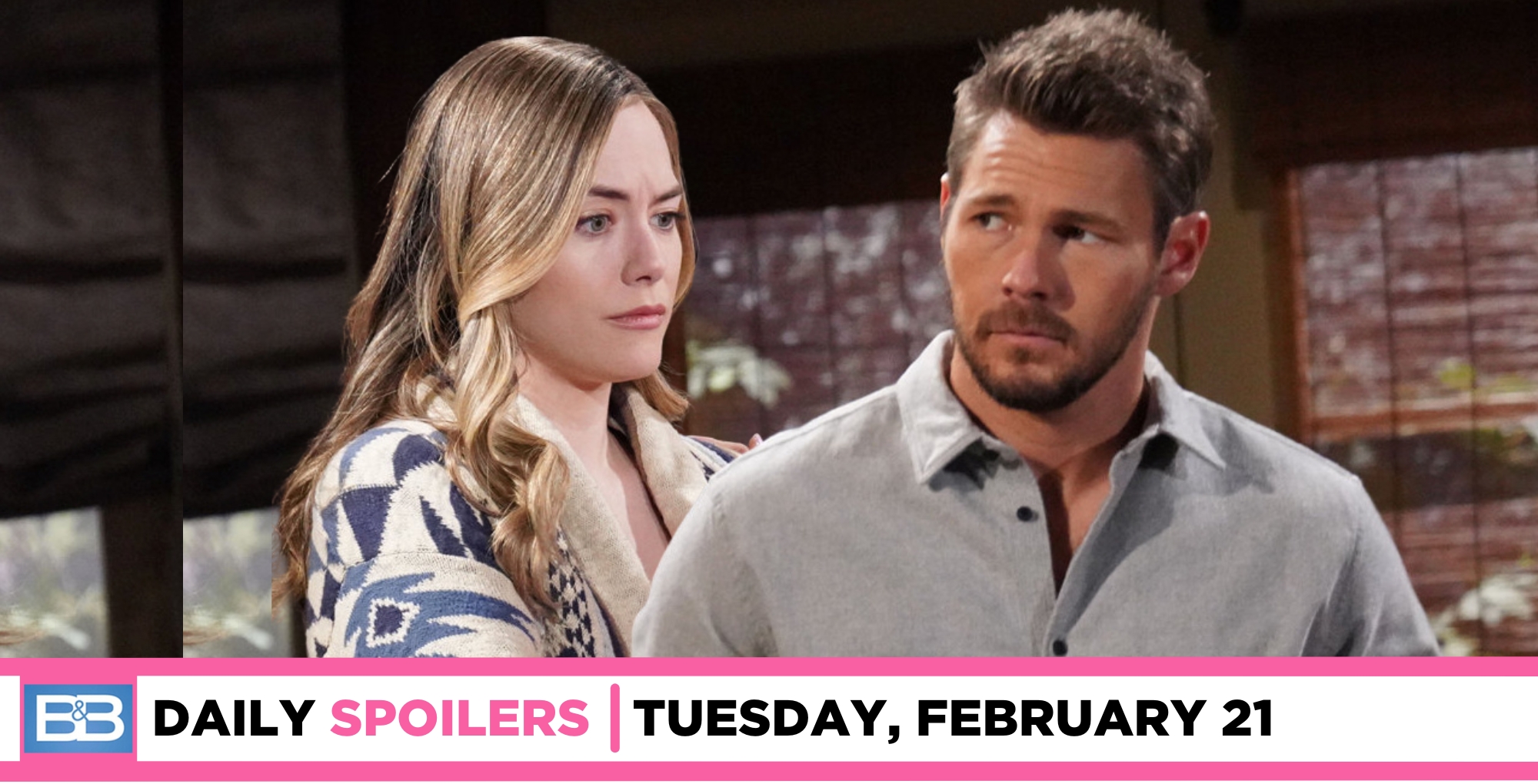 Bold And The Beautiful Spoilers Liam Tries To Soothe Hopes Broken Heart 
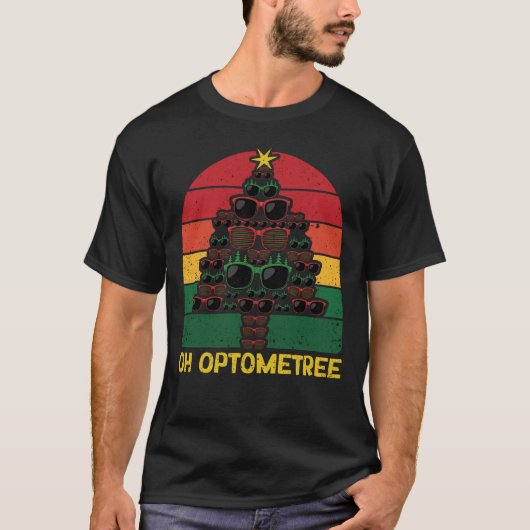 Grappig dat Opticians kerstboombril eten. Oh T-shirt (Voorkant)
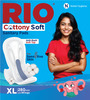 Rio Sanitary Napkins Xlarge (280 Mm) Cottony Cover 30'S X 18 C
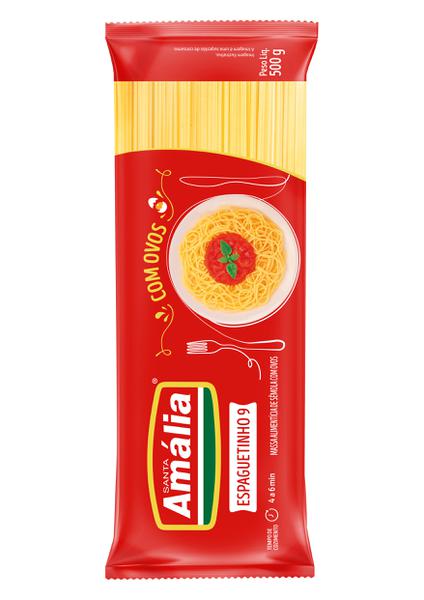 MACARRAO STA AMALIA OVOS ESPAG 9 500G - R$3.87 - FD/30 - 7896021300051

• **REQUIRED WORK**:
Leaving the pictures out, write out all the material above exactly.

• **RESPONSE AREA**:
 Bold And The Beautiful Spoilers Liam Tries To Soothe Hopes Broken Heart 
 Grappig dat Opticians kerstboombril eten. Oh T-shirt (Voorkant)
 Rio Sanitary Napkins Xlarge (280 Mm) Cottony Cover 30'S X 18 C
 MACARRAO STA AMALIA OVOS ESPAG 9 500G - R$3.87 - FD/30 - 7896021300051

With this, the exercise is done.